* Required work *
Please output the full listing, character for character.

* Material provided *
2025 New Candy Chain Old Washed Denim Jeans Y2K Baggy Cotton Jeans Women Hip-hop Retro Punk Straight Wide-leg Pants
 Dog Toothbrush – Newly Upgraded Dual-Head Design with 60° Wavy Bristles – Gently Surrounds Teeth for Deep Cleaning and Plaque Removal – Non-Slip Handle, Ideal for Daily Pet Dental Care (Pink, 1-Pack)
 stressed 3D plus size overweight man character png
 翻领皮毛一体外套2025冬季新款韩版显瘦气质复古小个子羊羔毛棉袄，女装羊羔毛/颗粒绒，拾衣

* Task output *
2025 New Candy Chain Old Washed Denim Jeans Y2K Baggy Cotton Jeans Women Hip-hop Retro Punk Straight Wide-leg Pants
 Dog Toothbrush – Newly Upgraded Dual-Head Design with 60° Wavy Bristles – Gently Surrounds Teeth for Deep Cleaning and Plaque Removal – Non-Slip Handle, Ideal for Daily Pet Dental Care (Pink, 1-Pack)
 stressed 3D plus size overweight man character png
 翻领皮毛一体外套2025冬季新款韩版显瘦气质复古小个子羊羔毛棉袄，女装羊羔毛/颗粒绒，拾衣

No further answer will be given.